Peki Crary’ın çözümü ne?
Çözümü “çevrimdışılık”…
Şöyle ki; “Gezegenimizde yaşanabilir, müşterek bir gelecek olacaksa, fişi çekilip 7/24 kapitalizmin dünya-yıkıcı sistem ve operasyonlarıyla bağlantısı koparılmış̧, çevrimdışı bir gelecek olacak.”
Her yerden çevrimiçi olmaya zorlandığımız, günün çoğunluğunu geçirdiğimiz platformlarla baş etmek, dahil olmamak mümkün mü? Crary çevrimdışı olmanın imkansızlığı fikrine karşı gelerek, bunun da bir kapitalizm dayatması olduğunu vurguluyor.
Arendt, Habermas, Agemben, Virilio, Baudrillard ve Debord başta olmak üzere birçok düşünürü referans yapan Crary, alanından aldığı birikim ile gayet ‘radikal’ bir kopuş talep ediyor. Kitap boyunca sert bir tonu hissetmek mümkün ve bana kalırsa çözüm ya da internet kompleksi ile tam olarak baş etme noktasında yeterince çözüm geliştiremiyor kitap. Eleştirilerde cömertlik, önerilerde cimrilik hakim.

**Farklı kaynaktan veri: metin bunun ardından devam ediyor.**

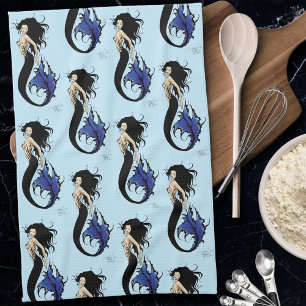 Blue Tribal Mermaid Geschirrtuch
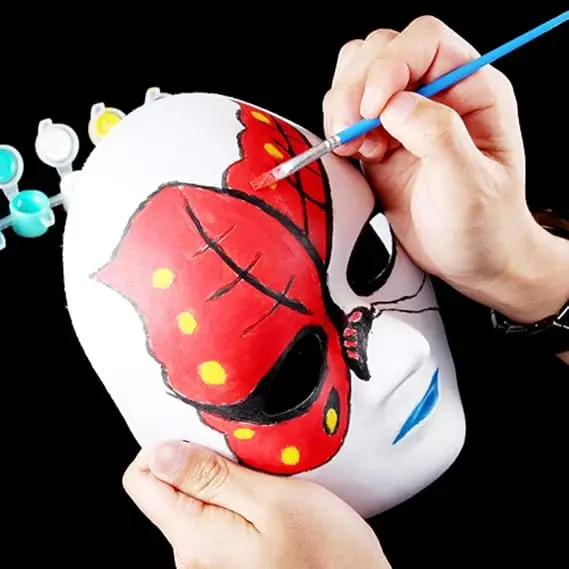 DIY Full Face Masks White Craft Masks Blank Paintable Art Masks With Paint Set for Halloween Costume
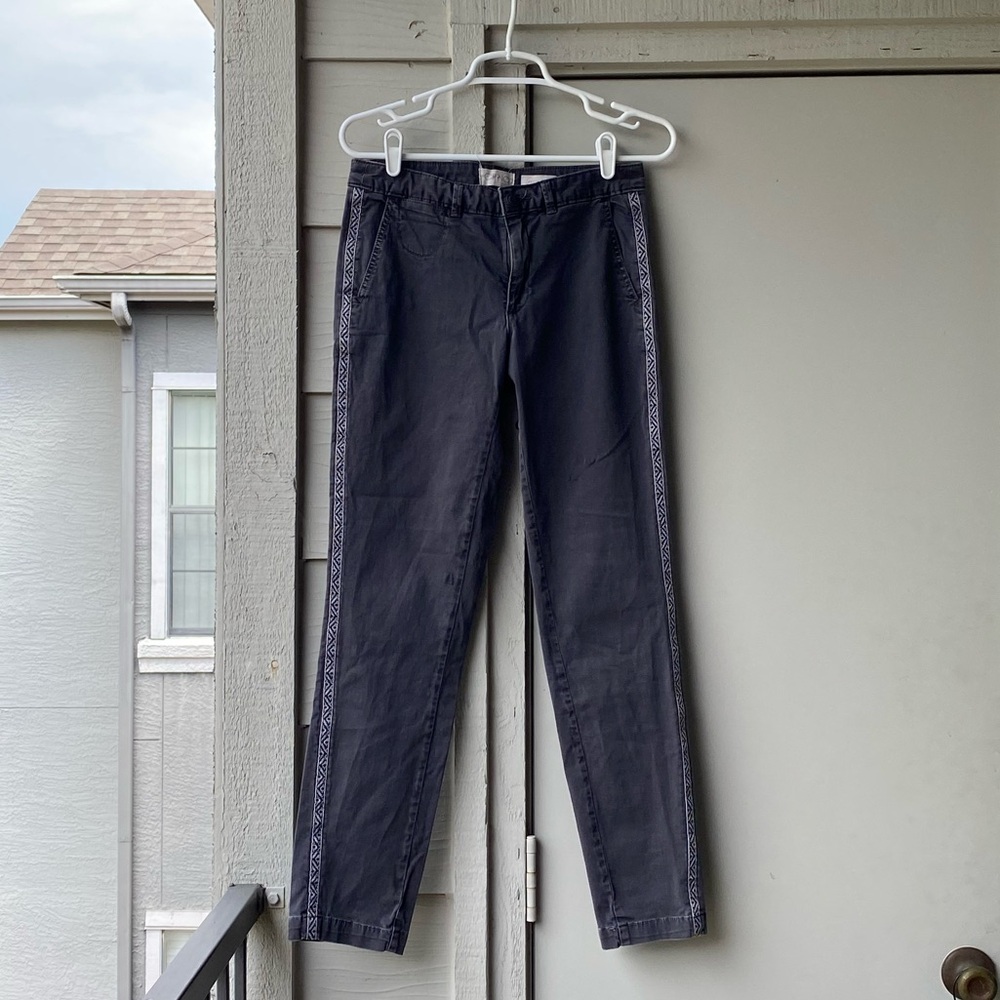 Anthropology Gray Chino Pants with Embroidered Side Stripes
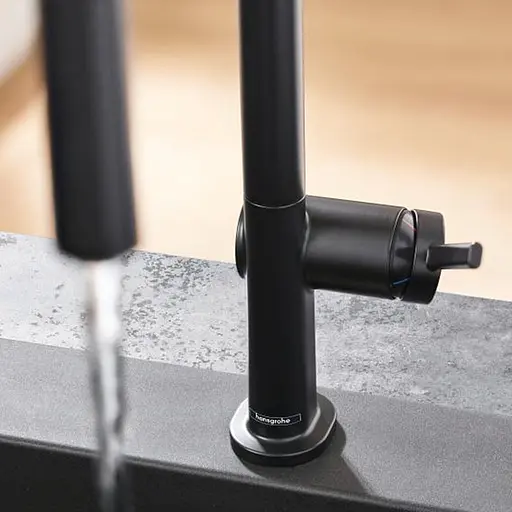 Смеситель для кухни Hansgrohe Talis 210 1jet с вытяжным изливом Sbox черный матовый 72803670 Черный матовый - фото 3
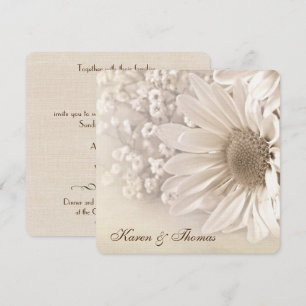 Invitation de mariage Sepia Daisy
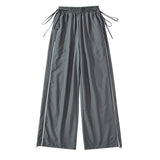 Hottie Summer Personality Strap Fast Dry Pants Loose Broad Leg Trousers Straight Through The Mop Tight Waist Pants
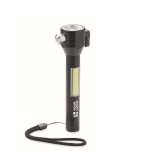 Emergency flashlight with hammer, cutter, and COB light black colour view with print area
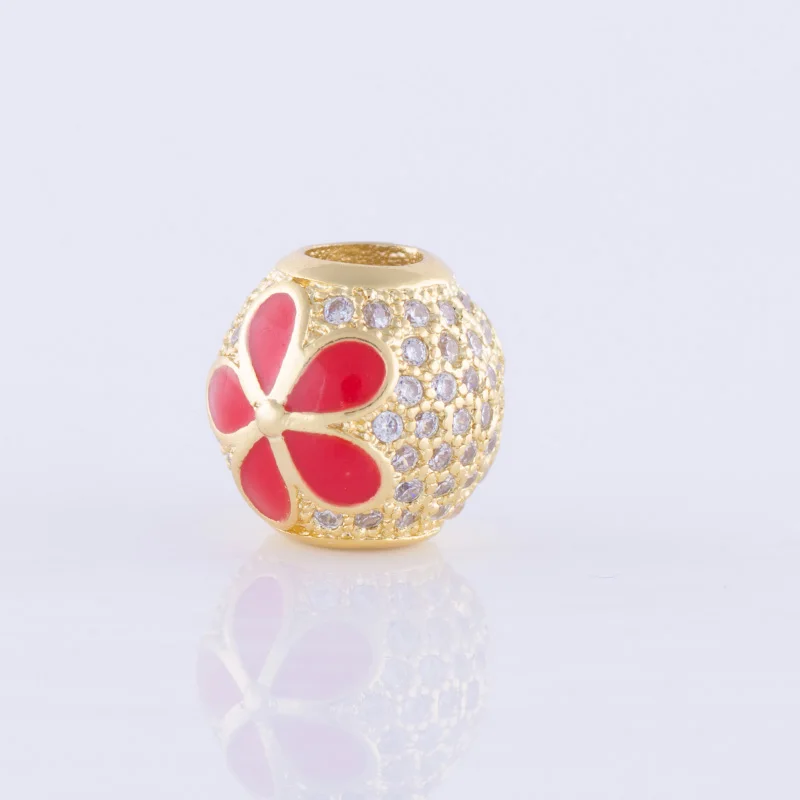 Supplies For Jewelry Wholesale Enamel Flower Ball Beads For Jewellery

Fakat bu internet ile kurduğumuz ilişkinin gittikçe daha sakat hale geldiğini değiştirmiyor. Görüntü eksenli, hıza dayalı, her şeyi uç kısımlarda yaşayan toplulukların devinimlerine iyice sıkışan ve görünürlükler arz eden bir süreç yaşadığımız gerçeği ile yüzleşmemiz gerekiyor ve gerçekten devrimci özne yaratılabilir mi sorusunu yeniden sormamız gerekiyor gibi.